# Gun show finds



## Oddcaliber (Feb 17, 2014)

Went to the gun show today to pickup some items,stripper clips for the SKS, and a spring for my Hi Power. No luck on the spring. But I did find some 8 mm A/P ammo! At a buck a shot this ain't plinking stuff! Got 50 rounds.


----------



## sideKahr (Oct 15, 2014)

Cool. I haven't been to a gun show in a couple of years. You have whetted my appetite for GUNS!


----------



## Slippy (Nov 14, 2013)

I'm appalled! Surely you Neanderthals won't reduce this forum to horrid talks of guns and gun shows!

:glee::glee:


----------



## sideKahr (Oct 15, 2014)

Slippy said:


> I'm appalled! Surely you Neanderthals won't reduce this forum to horrid talks of guns and gun shows!
> 
> :glee::glee:


Guns! Yuk! Gunshows! OMG! We all know you can buy fully automatic machineguns at gunshows without any I.D. and without filling out any paperwork. Gunshows are icky!


----------



## Slippy (Nov 14, 2013)

sideKahr said:


> Guns! Yuk! Gunshows! OMG! We all know you can buy fully automatic machineguns at gunshows without any I.D. and without filling out any paperwork. Gunshows are icky!


Yes icky...plus the nuclear bomb loophole exists at gunshows and we all know every conservative Christian gun owner has nukes in their bunkers...


----------



## sideKahr (Oct 15, 2014)

Seriously, the only thing I ever got at a gun show was an adrenaline rush when some dufus burned the hotdogs and set off the fire alarm. Way too many people and way too few exits. Sheesh!


----------



## Camel923 (Aug 13, 2014)

Next thing you know some far right republican nazi will be discussing the uses of pikes. Let us just gush glowingly about the religion of peace and the alter of abortion to be worshiped at in the progressive church instead. But first, great snag with the ap ammo.


----------



## Doc Holliday (Dec 22, 2012)

The last gun show I went to I purchased 26 soft rifle cases for the ones that were without... 
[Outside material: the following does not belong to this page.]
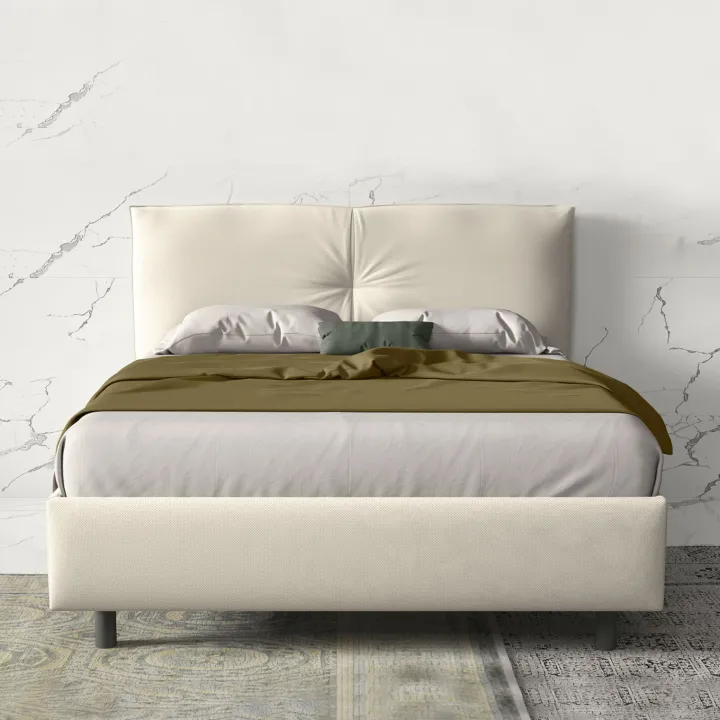 Letto contenitore matrimoniale 160x195cm imbottito tessuto bianco EliteDreams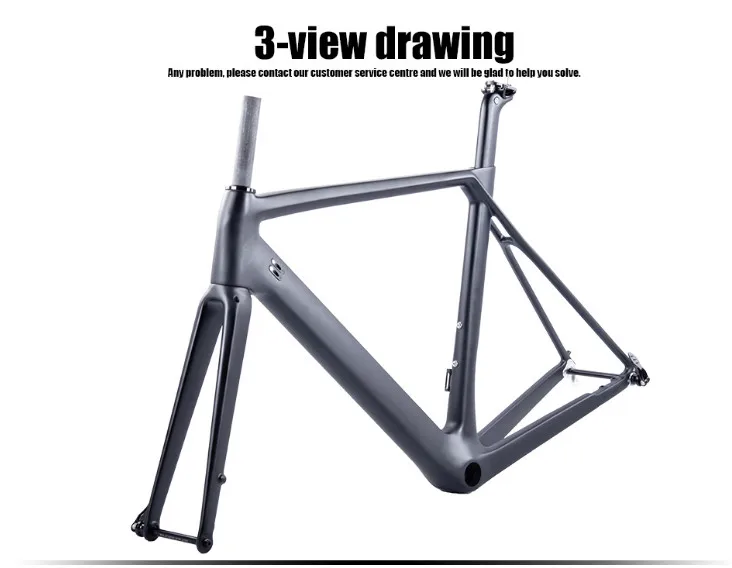 Top 2018 NEW Chinese Carbon Road Frame T800 UD black Aero full carbon fiber road bike frame QR or thru axle 47/51/53cm 16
I got sick of gun shows when all I saw was tasers, beef jerky (although I love beef jerky) and nazi paraphernalia.
Maybe I need to try them again... I have been looking for a nuclear bomb to stock in my bunker :rofl3:


----------



## Smitty901 (Nov 16, 2012)

Gun show around here are not much more than over price flee market. Pay to get in , Pay to park. More crap to hang on a gun than guns. No deals on price. There are still the few junk dealers that have a table of old rough shape parts where you may find that One part you need.
Some do not allow open or CC , not getting any of my cash.


----------



## alterego (Jan 27, 2013)

I have been seriously considering buying a gun at a gun show.


----------



## Denver (Nov 16, 2012)

Nothing wrong with the local (Lubbock, TX) gun show. They have it every 3 months. Parking is free. Costs 5 bucks to get in, but NRA members get a dollar off. There is no CC but that ok. All guns are checked at the door and a tye wrap is put on the action. The gun prices are usually high but everyone is willing to deal. Always several tables with parts, grips, and other needed stuff. Some reloading stuff, but not too much flea market crap. I enjoy walking and looking at stuff I usually only read about.


----------



## ReignMan (Nov 13, 2015)

Slippy said:


> Yes icky...plus the nuclear bomb loophole exists at gunshows and we all know every conservative Christian gun owner has nukes in their bunkers...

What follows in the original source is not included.